Transfer of Files to New Firm
It is inevitable that at least some clients will leave with a departing lawyer or choose another attorney, and that files will need to be transferred to a successor attorney. Transferring large files, or large numbers of files, presents logistical difficulties and is fertile grounds for dispute. Neither the departing lawyer nor the law firm left behind are excused from providing diligent representation during any transition period. Moreover, holding files as a means of retaliation or to secure fees that are owed to the firm is very problematic.
The transfer of files is also fertile ground for disputes. Among the issues that may be addressed in a separation agreement are the timing and manner of notice, the time within which the transfer should be made and the costs for the work involved. What documents will the now discharged firm retain and who will pay the costs? A well-drawn separation agreement will cover this ground.
Access to Digital Case Management Records
Most firms incorporate some digital document management and many have sophisticated practice management systems. A firm that incorporates such products as Needles, Clio or Leap in its practice management likely will be faced with the task of extricating data, digital documents or other practice information. A separation agreement may address the data transfer logistics that are likely to be required, as well as allocate the costs.

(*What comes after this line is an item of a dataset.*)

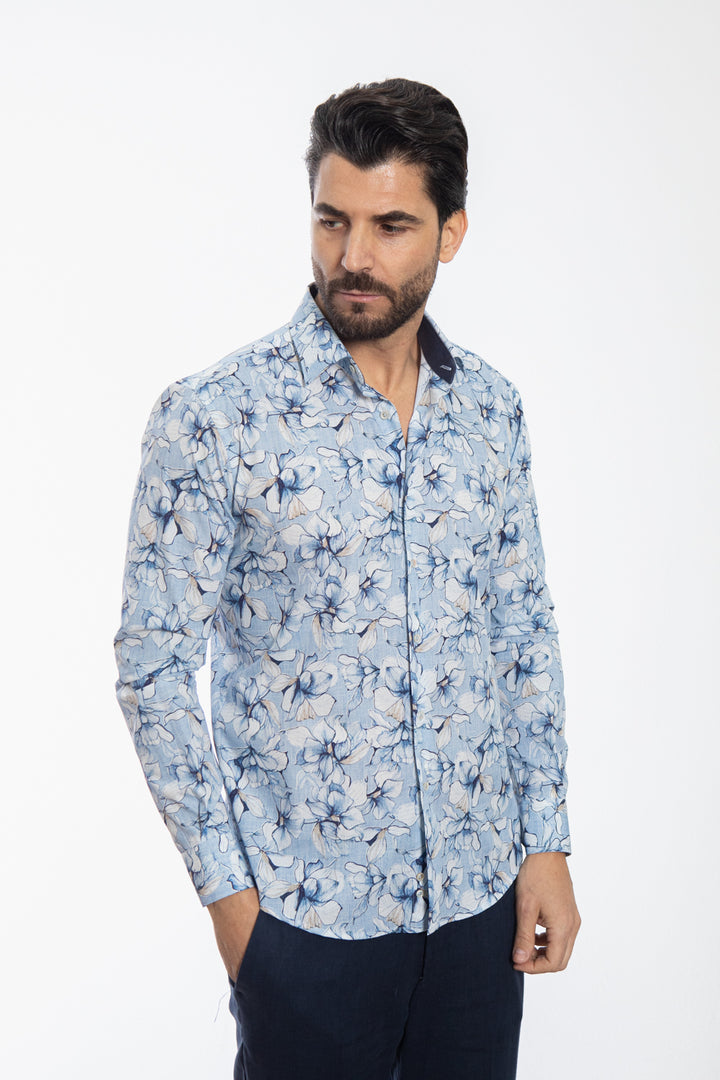 Camicia Floreale Azzurra in Cotone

Access to Digital and Paper Files
It may be unethical to deny access to a departing attorney to files in matters that he or she was personally handling, but that should not imply that a lawyer that has given notice has a right to access the files of other matters or other clients. Here again the firm may have information in its files that it can – and that perhaps it is ethically required to – protect from someone planning an exit from the firm.

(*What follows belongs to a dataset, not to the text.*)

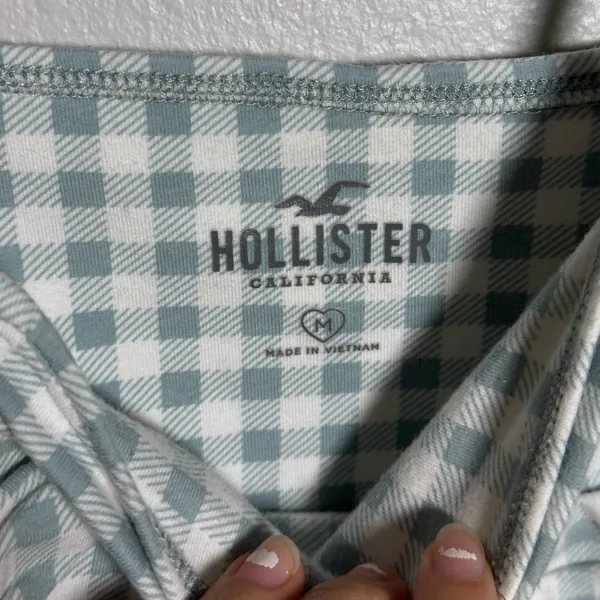 Hollister Women Blue/White Crop Top plaid top‎ size M - Image 4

Deletion of Non-Client Data from Personal Equipment
Departing attorneys are not entitled to, and should not retain information in their possession that involves non-clients. Law firms have an obligation to secure the return or deletion of this type of data.

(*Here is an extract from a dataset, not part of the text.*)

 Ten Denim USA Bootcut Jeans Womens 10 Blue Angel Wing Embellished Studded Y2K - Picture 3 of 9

Communication with Former Clients
A separation agreement should both recognize and limit the ability of the law firm to communicate with the clients that are following the lawyer to his or her new position. It may be critical in some cases to confirm that the clients recognize that the selection of a new law firm means that the old firm has been discharged without cause, and that there may be issues related to that discharge. In our experience, unsophisticated clients may not understand the ramifications of firing an attorney.
The law firm will need to communicate with the former client about billing, any accounts receivable and may need to have other communications that continue after the firm has been discharged. It will also have right to communicate with the client in an attempt to retain the business, as long as it does so truthfully and without disparaging the departing lawyer.
Should the law firm open a new file for a client who wants to engage a lawyer that has given notice of their imminent departure. That may well depend on the nature of the practice and the type of matter. It is better to think about it beforehand.